Whatever you call it, it’s a moment of brilliance that underpins that creativity is empowering.
Our creativity is one of the major things that makes us human.
Every building, recorded image, tool, machine, and technological advancement—from the tiniest component to the largest piece of engineering has come about because of human creativity.
The simple truth is that without creativity, humanity as we know it probably wouldn't exist.
Creativity has given us engineering, art, the written and printed word, music, storytelling, science, mathematics, dance, and countless other experiences, traits, advancements, and qualities that improve or enhance our lives in countless ways.
So where does creativity come from and why do some of us believe we are inherently uncreative?
You don't have to be proficient as a musician or an artist to be deemed creative.
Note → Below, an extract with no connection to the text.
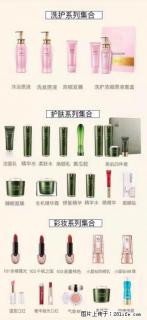 【姬存希】护肤、洗护、彩妆 - 黄石28生活网 hshi.28life.com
We're all born with innate creative abilities and traits, it's just that for many of us, we never get the chance to explore them let alone
to realize them.
But that point alone shouldn't prevent us from exploring our creativity, nor should it deny us some kind of creative outlet.
It's not necessary to be a talented musician to make music. It's not necessary to be a great artist or a great writer to make art or to write prose. All that is necessary to be creative is a willingness to express some form of creativity.
Creative ideas can strike at any moment. Often, while we’re doing something else, and frequently, while we’re absorbed in a task that’s removed from any reference to the original problem we’re trying to solve.
Who knows when or how that sudden spark of creative genius will strike? It can happen at any time. It’s that “Aha!” moment!
It’s when creative brilliance whispers in your ear: “You know what’d be great right now … THIS!” And as if from nowhere, you find yourself awash with inspiration.
Sadly, and at times, rather vexingly, creative brilliance often happens at a time and in a place where you’re least equipped to capture it, record it, or take advantage of it. As I've found to my cost, it's not practical to keep a notepad in the shower.
However, with a little planning and preparation, it’s possible to record those moments of sudden, brilliant creativity so that you can take advantage of them.
A certain amount of creative insight comes to you when you least expect it because while you've been ignoring the issue, deep inside the neural pathways of your brain, your super subconscious mind has been hard at work assessing the problem at hand.
The super subconscious?
Yes, it's a thing and no, I'm not making it up.
Our day-to-day ability to observe, reason, problems, and to make choices and decisions is all governed by our conscious mind: the mind we use for awareness.
Beneath our conscious mind there is our subconscious mind,
which records everything we think and feel. We tap into this area
of our brain when we dream and when we imagine.
You may not be able to fully describe your subconscious mind, but you're aware of it, almost like seeing part of someone's face across
a crowded room, or of partially hearing a piece of music that's familiar but the title of which you can't quite put your finger on.
Beneath our subconscious mind is the super subconscious mind, and it's in this area of the brain that deep-seated problem solving takes place, even when you're not fully focusing on the problem at hand.
I'm pretty sure that it's in this part of our brain that creativity is sparked and in which those "Aha!" moments we get happen as a result of all kinds of neural connections and pathways firing and wiring.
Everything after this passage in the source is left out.